Although I was preparing only two pork chops, I maintained the recipe’s proportions for all the other ingredients. Since the sauce takes considerable time to thicken, I also opted for chops that were thicker than the one inch called for in the recipe. Mine were about 1 ½-inch thick and weighed at least 12 ounces each.
Should you choose to make this dish, I highly recommend using heritage pork which makes for juicier chops.
Italicized parenthetical comments in the recipe are my own.
Pork Chops with Capers from Lidia Cooks from the Heart of Italy
6 bone-in pork loin chops, 1-inch thick, 6 to 8 ounces each (I opted for thicker pork chops, about 1 ½-inch thick.)
1 teaspoon kosher salt
2 tablespoons butter
2 tablespoons extra-virgin olive oil
4 plump garlic cloves, crushed and peeled
½ cup all-purpose flour, for dredging, plus more as needed
1 large lemon, sliced in thin rounds
6 whole Tuscan-style pickled peperoncini, drained
3 tablespoons small capers, drained
¾ cup white wine (I used a Sardinian Vermentino that I had on hand.)
1 tablespoon lemon juice, freshly squeezed
2 tablespoons fresh Italian parsley, chopped
You will need a heavy-bottomed skillet or sauté pan, 14-inch diameter.
Trim the fat from the pork chops, if necessary, leaving only a thin layer, and salt them lightly on both sides, using 1/2 teaspoon salt in all.
Put the butter and olive oil in the skillet, and set it over medium-low heat.
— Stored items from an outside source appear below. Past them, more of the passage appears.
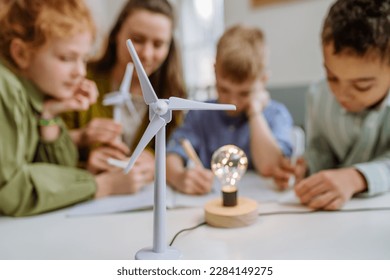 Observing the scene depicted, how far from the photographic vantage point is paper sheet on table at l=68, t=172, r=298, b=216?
2.16ft

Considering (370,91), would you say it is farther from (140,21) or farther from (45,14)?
(45,14)

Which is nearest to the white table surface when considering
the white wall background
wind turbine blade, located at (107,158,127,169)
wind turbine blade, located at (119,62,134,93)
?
wind turbine blade, located at (107,158,127,169)

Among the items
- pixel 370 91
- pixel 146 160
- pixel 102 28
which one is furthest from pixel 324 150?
pixel 102 28

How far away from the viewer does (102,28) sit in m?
0.89

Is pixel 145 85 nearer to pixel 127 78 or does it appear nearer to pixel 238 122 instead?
pixel 127 78

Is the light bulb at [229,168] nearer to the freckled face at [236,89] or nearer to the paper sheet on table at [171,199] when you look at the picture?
the paper sheet on table at [171,199]

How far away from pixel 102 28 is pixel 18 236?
19.6 inches

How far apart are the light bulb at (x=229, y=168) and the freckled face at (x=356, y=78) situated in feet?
0.75

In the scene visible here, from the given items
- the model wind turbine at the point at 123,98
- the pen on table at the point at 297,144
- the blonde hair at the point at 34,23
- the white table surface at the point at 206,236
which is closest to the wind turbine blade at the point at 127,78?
the model wind turbine at the point at 123,98

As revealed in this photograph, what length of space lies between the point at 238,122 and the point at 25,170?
0.46 meters

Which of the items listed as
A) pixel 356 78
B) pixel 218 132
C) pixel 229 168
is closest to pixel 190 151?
pixel 218 132

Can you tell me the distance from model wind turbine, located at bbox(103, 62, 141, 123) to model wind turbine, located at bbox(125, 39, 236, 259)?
0.31m

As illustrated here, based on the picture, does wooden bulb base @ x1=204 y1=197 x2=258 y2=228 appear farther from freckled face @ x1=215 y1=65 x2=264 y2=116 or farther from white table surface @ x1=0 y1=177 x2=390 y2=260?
freckled face @ x1=215 y1=65 x2=264 y2=116

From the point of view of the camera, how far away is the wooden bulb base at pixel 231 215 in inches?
22.6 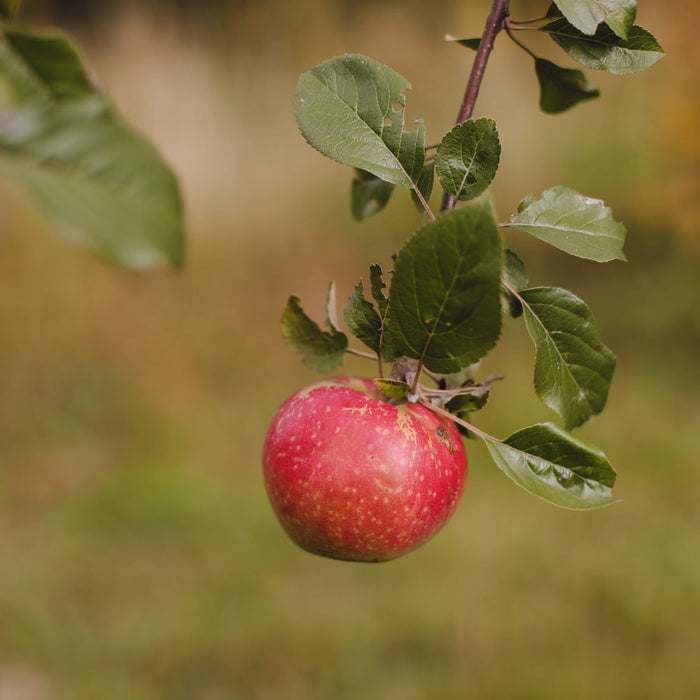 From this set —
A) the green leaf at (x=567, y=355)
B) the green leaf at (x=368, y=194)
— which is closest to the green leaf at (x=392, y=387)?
the green leaf at (x=567, y=355)

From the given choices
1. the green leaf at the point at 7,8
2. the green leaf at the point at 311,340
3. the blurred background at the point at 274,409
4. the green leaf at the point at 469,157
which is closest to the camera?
the green leaf at the point at 7,8

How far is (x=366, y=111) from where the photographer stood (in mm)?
622

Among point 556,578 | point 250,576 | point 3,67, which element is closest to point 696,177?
point 556,578

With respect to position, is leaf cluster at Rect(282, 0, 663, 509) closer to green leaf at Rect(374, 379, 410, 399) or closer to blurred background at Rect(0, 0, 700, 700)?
green leaf at Rect(374, 379, 410, 399)

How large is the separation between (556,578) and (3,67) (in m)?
1.95

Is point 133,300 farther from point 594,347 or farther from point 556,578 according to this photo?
point 594,347

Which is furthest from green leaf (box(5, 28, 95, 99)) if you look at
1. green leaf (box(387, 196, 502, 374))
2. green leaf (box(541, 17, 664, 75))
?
green leaf (box(541, 17, 664, 75))

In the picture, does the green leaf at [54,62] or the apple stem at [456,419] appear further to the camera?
the apple stem at [456,419]

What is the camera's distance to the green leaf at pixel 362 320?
617 millimetres

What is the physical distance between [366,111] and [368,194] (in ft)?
0.56

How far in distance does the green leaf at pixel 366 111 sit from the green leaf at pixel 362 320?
0.10 metres

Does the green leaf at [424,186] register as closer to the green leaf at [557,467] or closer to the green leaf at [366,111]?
the green leaf at [366,111]

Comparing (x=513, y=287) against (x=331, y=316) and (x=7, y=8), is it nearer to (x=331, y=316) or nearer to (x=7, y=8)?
(x=331, y=316)

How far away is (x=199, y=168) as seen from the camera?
329 cm
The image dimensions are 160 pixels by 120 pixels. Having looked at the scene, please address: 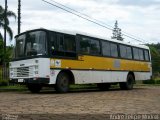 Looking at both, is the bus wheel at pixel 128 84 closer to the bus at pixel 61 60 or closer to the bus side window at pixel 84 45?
the bus at pixel 61 60

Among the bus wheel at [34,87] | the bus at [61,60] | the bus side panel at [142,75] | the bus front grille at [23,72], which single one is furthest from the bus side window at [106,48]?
the bus front grille at [23,72]

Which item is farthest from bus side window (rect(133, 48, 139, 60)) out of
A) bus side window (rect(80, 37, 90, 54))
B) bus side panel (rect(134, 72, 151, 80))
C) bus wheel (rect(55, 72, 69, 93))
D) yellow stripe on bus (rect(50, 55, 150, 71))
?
bus wheel (rect(55, 72, 69, 93))

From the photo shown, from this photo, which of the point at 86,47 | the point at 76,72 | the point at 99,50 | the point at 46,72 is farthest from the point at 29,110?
the point at 99,50

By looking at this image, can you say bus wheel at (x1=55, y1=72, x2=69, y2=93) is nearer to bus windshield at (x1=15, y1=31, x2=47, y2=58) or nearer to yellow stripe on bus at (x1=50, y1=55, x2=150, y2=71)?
yellow stripe on bus at (x1=50, y1=55, x2=150, y2=71)

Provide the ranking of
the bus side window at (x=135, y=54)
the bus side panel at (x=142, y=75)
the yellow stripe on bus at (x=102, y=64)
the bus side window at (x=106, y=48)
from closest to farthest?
the yellow stripe on bus at (x=102, y=64)
the bus side window at (x=106, y=48)
the bus side window at (x=135, y=54)
the bus side panel at (x=142, y=75)

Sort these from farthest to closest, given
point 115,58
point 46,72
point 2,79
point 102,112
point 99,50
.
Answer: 1. point 2,79
2. point 115,58
3. point 99,50
4. point 46,72
5. point 102,112

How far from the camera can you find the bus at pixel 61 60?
59.9ft

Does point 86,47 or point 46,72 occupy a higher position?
point 86,47

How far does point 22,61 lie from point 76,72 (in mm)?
2854

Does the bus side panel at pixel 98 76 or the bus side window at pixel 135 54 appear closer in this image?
A: the bus side panel at pixel 98 76

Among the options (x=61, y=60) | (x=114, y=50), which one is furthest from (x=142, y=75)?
(x=61, y=60)

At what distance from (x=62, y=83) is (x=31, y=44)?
2374 millimetres

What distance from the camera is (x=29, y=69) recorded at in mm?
18641

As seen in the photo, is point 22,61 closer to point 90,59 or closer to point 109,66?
point 90,59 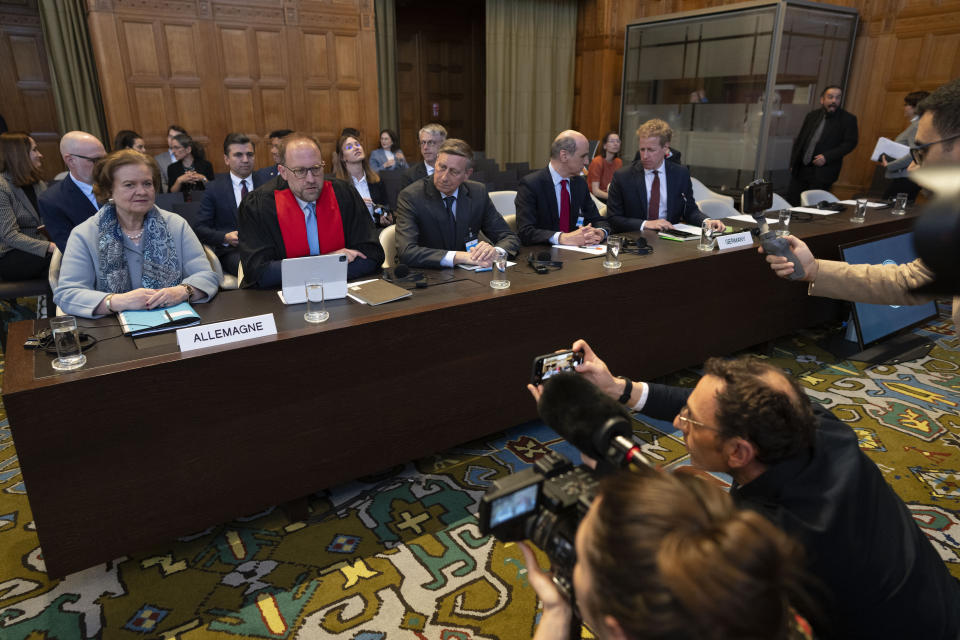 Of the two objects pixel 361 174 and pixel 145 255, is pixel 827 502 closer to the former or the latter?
pixel 145 255

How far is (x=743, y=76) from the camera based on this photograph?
22.8ft

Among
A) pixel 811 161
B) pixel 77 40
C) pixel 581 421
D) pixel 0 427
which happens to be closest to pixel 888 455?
pixel 581 421

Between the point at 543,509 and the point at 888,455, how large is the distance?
95.1 inches

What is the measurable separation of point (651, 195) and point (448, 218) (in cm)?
155

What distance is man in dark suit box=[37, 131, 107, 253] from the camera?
313cm

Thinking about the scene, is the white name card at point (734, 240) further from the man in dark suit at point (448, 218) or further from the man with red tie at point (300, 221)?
the man with red tie at point (300, 221)

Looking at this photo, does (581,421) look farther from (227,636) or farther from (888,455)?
(888,455)

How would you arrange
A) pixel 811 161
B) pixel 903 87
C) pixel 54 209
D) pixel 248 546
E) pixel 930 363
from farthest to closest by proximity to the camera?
pixel 903 87 < pixel 811 161 < pixel 930 363 < pixel 54 209 < pixel 248 546

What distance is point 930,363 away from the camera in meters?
3.50

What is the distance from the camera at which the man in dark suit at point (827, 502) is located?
108 cm

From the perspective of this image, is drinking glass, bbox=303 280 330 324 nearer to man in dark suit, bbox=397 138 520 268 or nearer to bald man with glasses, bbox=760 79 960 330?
man in dark suit, bbox=397 138 520 268

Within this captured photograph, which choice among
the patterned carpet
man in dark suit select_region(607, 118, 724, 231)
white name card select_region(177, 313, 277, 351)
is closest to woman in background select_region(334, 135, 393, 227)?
man in dark suit select_region(607, 118, 724, 231)

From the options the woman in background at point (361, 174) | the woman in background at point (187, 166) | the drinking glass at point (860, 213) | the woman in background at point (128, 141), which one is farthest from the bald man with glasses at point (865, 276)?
the woman in background at point (128, 141)

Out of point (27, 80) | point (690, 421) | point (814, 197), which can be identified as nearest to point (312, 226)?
point (690, 421)
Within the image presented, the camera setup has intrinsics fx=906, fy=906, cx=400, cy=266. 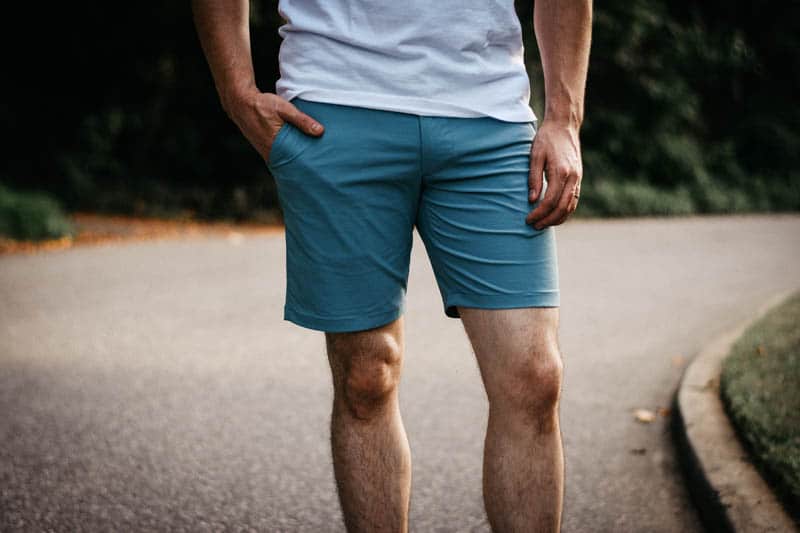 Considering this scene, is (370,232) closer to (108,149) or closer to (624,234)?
(624,234)

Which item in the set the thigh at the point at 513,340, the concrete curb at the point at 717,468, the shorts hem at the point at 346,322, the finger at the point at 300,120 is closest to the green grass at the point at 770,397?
the concrete curb at the point at 717,468

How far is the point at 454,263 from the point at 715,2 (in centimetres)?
2025

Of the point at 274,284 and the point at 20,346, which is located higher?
the point at 20,346

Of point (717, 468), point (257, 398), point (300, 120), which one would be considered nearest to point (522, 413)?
point (300, 120)

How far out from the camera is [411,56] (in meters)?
1.76

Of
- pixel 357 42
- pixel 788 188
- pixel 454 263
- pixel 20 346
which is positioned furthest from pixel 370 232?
pixel 788 188

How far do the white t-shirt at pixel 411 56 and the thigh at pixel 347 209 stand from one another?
0.14ft

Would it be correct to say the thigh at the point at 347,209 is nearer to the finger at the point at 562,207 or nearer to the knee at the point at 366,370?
the knee at the point at 366,370

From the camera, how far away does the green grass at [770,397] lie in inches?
107

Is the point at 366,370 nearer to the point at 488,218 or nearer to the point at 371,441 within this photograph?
the point at 371,441

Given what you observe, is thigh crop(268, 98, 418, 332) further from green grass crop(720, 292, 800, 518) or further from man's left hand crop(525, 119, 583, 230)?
green grass crop(720, 292, 800, 518)

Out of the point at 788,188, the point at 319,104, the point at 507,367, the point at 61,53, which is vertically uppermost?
the point at 319,104

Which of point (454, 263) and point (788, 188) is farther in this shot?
point (788, 188)

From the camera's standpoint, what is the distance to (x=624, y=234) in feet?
39.0
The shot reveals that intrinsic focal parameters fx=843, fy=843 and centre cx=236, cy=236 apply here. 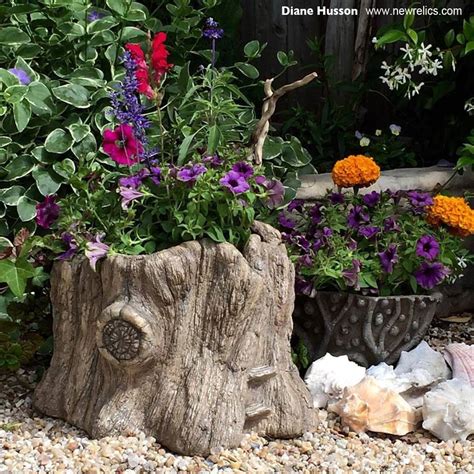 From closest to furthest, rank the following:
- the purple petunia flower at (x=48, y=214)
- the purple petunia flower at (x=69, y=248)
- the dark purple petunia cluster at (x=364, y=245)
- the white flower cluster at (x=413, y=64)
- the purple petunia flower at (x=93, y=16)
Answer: the purple petunia flower at (x=69, y=248) → the purple petunia flower at (x=48, y=214) → the dark purple petunia cluster at (x=364, y=245) → the purple petunia flower at (x=93, y=16) → the white flower cluster at (x=413, y=64)

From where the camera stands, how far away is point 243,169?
9.09ft

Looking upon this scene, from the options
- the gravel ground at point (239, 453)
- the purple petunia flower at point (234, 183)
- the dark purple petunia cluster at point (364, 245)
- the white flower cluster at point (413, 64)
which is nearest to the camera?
the gravel ground at point (239, 453)

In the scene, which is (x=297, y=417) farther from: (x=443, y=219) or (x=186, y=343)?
(x=443, y=219)

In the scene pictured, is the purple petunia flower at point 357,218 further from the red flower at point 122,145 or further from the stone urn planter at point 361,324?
the red flower at point 122,145

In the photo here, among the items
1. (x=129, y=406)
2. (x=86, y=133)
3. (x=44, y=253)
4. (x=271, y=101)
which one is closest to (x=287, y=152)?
(x=271, y=101)

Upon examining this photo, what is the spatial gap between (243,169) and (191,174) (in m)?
0.19

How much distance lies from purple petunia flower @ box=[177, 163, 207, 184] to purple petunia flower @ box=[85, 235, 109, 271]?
0.33 meters

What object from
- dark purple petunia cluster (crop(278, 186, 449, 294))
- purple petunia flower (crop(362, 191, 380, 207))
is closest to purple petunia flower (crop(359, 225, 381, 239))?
dark purple petunia cluster (crop(278, 186, 449, 294))

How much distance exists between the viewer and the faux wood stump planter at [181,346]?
260 centimetres

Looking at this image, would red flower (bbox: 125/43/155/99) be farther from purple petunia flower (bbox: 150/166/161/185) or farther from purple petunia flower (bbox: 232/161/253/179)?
purple petunia flower (bbox: 232/161/253/179)

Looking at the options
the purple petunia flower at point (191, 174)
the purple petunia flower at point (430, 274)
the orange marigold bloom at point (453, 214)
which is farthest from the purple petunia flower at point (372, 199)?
the purple petunia flower at point (191, 174)

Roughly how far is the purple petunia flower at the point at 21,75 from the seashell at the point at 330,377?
1540 mm

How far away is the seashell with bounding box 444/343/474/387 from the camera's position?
3.08m

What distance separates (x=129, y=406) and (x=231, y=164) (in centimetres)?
87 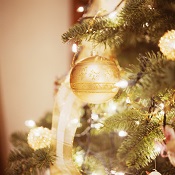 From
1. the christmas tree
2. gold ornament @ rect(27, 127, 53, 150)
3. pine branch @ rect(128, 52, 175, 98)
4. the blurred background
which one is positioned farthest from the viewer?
the blurred background

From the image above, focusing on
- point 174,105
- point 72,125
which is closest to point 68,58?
point 72,125

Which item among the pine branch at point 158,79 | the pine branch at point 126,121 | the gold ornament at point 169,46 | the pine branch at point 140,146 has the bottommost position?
the pine branch at point 140,146

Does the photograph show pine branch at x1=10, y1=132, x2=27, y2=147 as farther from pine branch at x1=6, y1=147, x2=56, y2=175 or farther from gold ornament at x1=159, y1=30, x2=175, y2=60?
gold ornament at x1=159, y1=30, x2=175, y2=60

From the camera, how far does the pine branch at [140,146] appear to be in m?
0.61

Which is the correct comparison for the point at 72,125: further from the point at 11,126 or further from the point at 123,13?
the point at 11,126

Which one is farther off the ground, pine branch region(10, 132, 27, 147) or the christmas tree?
the christmas tree

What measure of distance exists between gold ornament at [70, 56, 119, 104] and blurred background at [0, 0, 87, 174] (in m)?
0.89

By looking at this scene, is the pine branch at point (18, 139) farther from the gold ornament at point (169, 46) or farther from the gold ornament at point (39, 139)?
the gold ornament at point (169, 46)

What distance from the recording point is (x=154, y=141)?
644mm

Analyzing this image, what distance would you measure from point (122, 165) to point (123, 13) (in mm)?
374

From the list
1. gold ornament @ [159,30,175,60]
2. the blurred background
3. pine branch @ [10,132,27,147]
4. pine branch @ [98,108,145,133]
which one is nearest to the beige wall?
the blurred background

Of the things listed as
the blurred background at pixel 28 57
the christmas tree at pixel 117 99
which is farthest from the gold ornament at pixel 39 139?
the blurred background at pixel 28 57

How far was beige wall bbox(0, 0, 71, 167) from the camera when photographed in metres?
1.53

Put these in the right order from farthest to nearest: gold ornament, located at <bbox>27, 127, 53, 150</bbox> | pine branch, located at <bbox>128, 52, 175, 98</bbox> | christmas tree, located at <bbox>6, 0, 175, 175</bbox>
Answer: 1. gold ornament, located at <bbox>27, 127, 53, 150</bbox>
2. christmas tree, located at <bbox>6, 0, 175, 175</bbox>
3. pine branch, located at <bbox>128, 52, 175, 98</bbox> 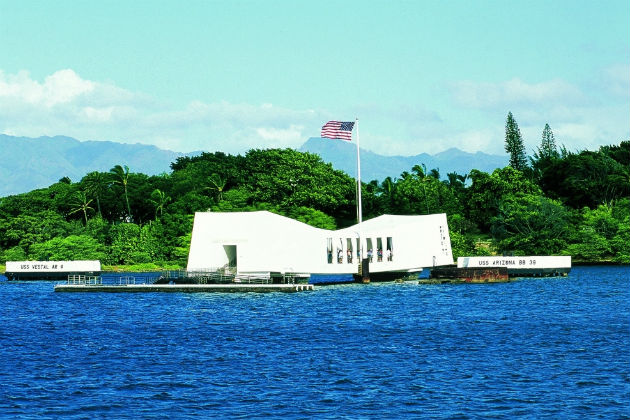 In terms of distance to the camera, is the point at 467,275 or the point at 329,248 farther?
the point at 467,275

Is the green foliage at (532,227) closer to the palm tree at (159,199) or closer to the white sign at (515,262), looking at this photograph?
the white sign at (515,262)

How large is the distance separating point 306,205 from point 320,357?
8718 cm

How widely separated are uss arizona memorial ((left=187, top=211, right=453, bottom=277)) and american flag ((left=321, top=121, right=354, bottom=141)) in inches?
342

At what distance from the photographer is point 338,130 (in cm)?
8238

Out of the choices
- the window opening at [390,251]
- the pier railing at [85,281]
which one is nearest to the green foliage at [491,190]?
the window opening at [390,251]

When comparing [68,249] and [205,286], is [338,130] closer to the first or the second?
[205,286]

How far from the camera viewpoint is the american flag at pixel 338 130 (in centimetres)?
8175

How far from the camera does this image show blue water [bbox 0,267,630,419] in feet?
110

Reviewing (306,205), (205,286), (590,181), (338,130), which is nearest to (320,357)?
(205,286)

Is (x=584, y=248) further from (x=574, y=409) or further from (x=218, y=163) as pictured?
(x=574, y=409)

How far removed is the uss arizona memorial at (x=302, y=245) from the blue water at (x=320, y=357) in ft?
26.4

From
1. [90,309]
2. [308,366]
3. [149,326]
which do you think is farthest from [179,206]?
[308,366]

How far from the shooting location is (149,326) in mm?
57562

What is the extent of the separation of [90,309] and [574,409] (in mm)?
44918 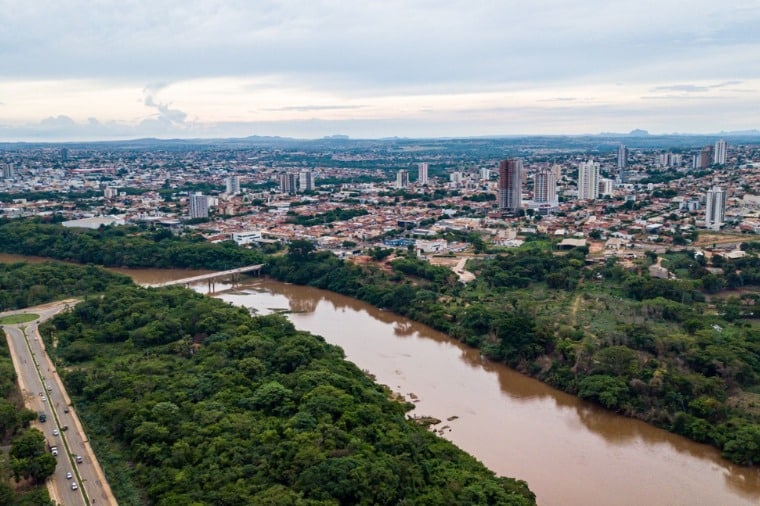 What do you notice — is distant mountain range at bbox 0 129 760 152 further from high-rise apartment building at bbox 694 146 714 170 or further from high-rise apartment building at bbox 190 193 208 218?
high-rise apartment building at bbox 190 193 208 218

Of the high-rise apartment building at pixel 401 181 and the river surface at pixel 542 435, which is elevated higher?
the high-rise apartment building at pixel 401 181

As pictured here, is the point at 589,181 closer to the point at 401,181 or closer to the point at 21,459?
the point at 401,181

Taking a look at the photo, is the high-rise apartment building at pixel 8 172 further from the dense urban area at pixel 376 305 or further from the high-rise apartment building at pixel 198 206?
the high-rise apartment building at pixel 198 206

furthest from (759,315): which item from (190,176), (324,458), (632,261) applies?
(190,176)

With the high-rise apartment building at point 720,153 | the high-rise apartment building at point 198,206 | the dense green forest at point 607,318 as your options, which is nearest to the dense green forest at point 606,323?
the dense green forest at point 607,318

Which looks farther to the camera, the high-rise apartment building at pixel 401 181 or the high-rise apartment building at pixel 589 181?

When the butter begins to bubble, scatter in the garlic; let it heat and gently sizzle. (You want to keep an eye on that garlic to ensure that it doesn’t burn.)
Meanwhile, spread the flour on a plate or tray, and dredge the chops on all sides. Shake off excess flour, and lay the chops in the skillet in one layer. (It may appear at first that there’s not enough room for all, but as the meat shrinks you will be able to nestle the chops in.)
Strew the lemon slices on top of the chops, and drop the peperoncini in between them. Cook the chops slowly, keeping them at a gentle sizzle, turning and moving them in the pan about every 5 minutes, as they take on color gradually and evenly. (To achieve maximum browning of the chops, let the lemon slices remain in the sauce after turning the chops the first time.)
After 20 minutes or so, when the pork is lightly browned and caramelized on both sides, scatter in the capers, shake the pan to drop them onto the bottom and turn up the heat to medium-high. When the capers are sizzling, push the chops aside, and pour the wine and lemon juice into the clear hot spot.
Bring to a boil, and shake the pan so the wine flows around all the chops. Sprinkle over pan the remaining salt, and adjust the heat to keep the pan juices bubbling, steadily reducing and thickening. Turn the chops occasionally, so both sides are moistened and evenly cooked.
After about 10 minutes of reducing the liquid, when the juices are syrupy and glaze the chops, remove the pan from the heat.
Sprinkle the chopped parsley all over, and give the chops a final turn in the pan. Serve right away, drizzling a bit of the remaining pan sauce over each chop. (Keep testing the chops for doneness during this stage. If they’re done, remove them to a plate, retuning them to the pan after the sauce has reached the desired texture.)